Il est probable que les militaires occidentaux sont là pour longtemps et les Américains s'efforcent de s'adapter à cette perspective même si de nombreuses voix aujourd'hui aux Etats-Unis souhaitent leur retrait rapide.

M. Pierre Brana a souligné que la bureaucratie internationale était source d'évaporation des aides, comme l`a illustré le précédent de la Bosnie-Herzégovine. Il a estimé que la France devrait effectivement développer une aide bilatérale et en assumer la visibilité, au Timor, au Kosovo ou ailleurs. Il a souhaité connaître l'avis de M. Fauroux sur l'avenir de la Bosnie-Herzégovine.

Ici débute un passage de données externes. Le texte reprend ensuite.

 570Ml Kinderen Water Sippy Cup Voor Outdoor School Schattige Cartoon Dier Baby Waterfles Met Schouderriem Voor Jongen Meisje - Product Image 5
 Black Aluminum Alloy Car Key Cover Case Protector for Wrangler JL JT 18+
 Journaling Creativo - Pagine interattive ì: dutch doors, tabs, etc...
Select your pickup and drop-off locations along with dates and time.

L'élection d'un nouveau président en Croatie, plus ouvert que son prédécesseur, et la limitation de l'influence de M. Milosevic ne sont elles pas de nature à réduire le fossé entre les communautés en Bosnie-Herzégovine et à encourager à la création d'une nation ?

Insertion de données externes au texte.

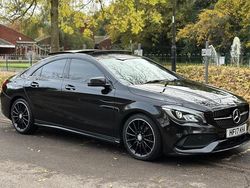 Black Used 2017 Mercedes CLA180 AMG line Sedan | £11,895 (Fair price)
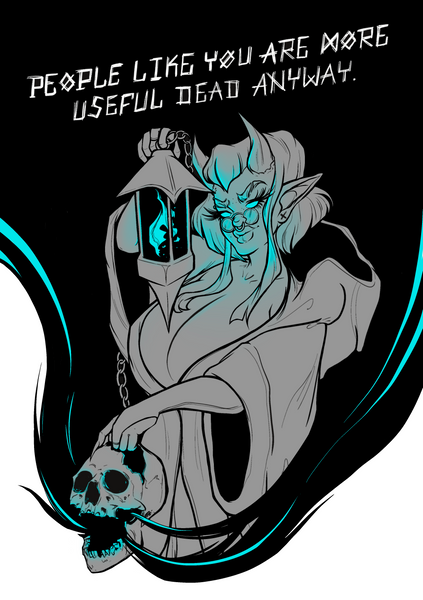 Freyja (OC) Speak With Dead Print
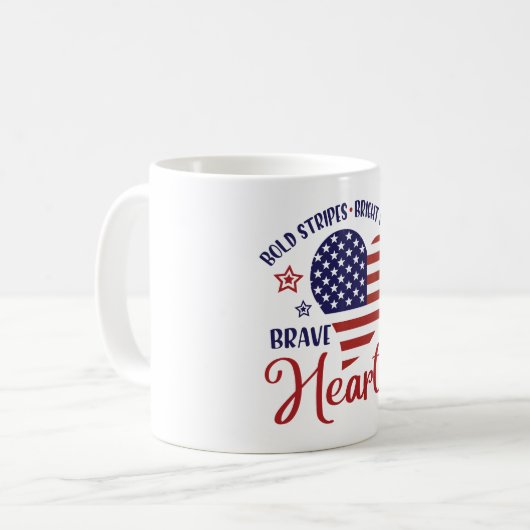 Bold Strips Bright Stars Brave Hearts Mok met ons (Voorkant links)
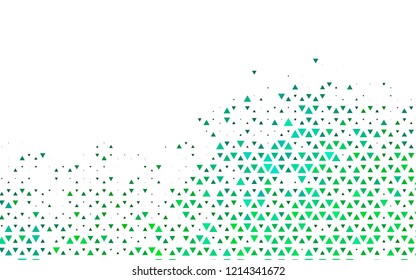 Light Blue, Green vector cover in polygonal style. Triangles on abstract background with colorful gradient. Modern template for your landing page.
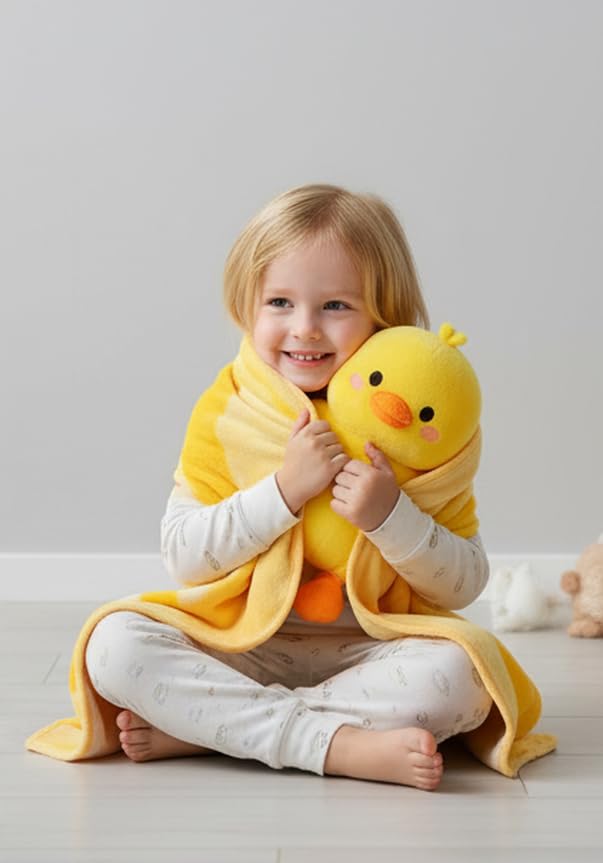 Butterthief Baby Blanket - Soft Duck Print -4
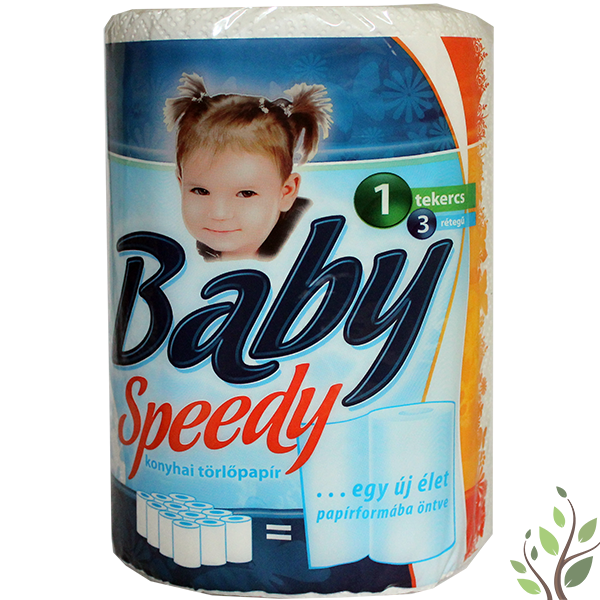 Baby Speedy kéztörlő 1 tekercs 3 rétegű 100 lap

M. Roger Fauroux a estimé que l'argent serait mieux employé au Kosovo, justement en raison du précédent de la Bosnie-Herzégovine. Il est vrai que dans ce dernier pays la situation s'améliore. Aux dernières élections municipales, un parti non ethnique a pour la première fois remporté des municipalités, dont celle de Sarajevo. Parmi les Croates, certains mouvements prônent désormais une plus grande neutralité ethnique ; c'est le cas par exemple de «renouveau croate», même si la présence de l'adjectif recèle une ambiguïté. C'est donc la première fois que l'on peut parler de patriotes bosno-herzégoviniens. Par ailleurs, la Républika Srpska a fait part de son intention de collaborer avec le Tribunal pénal international. Ce dégel politique sera ou non confirmé en septembre prochain, à l'occasion des prochaines élections locales.

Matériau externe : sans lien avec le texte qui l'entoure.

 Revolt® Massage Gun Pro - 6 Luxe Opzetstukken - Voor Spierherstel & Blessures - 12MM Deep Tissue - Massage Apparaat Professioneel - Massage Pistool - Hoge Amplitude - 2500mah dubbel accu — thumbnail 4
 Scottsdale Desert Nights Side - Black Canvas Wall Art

M. Charles Ehrmann, évoquant les discussions passionnées sur les Balkans au Conseil de l'Europe, s'est demandé si cette région ne demeurait pas la « poudrière » de l'Europe. Il a fait remarquer que sans l'Euro, l'Europe du Mark serait aujourd'hui fort étendue. Il a observé que les réfugiés kosovars posent des problèmes, notamment de délinquance, pour les pays d'accueil ; en Suisse, ils sont 47 000. La question des Balkans est un problème insoluble qui ne peut que faire regretter l'Empire austro-hongrois.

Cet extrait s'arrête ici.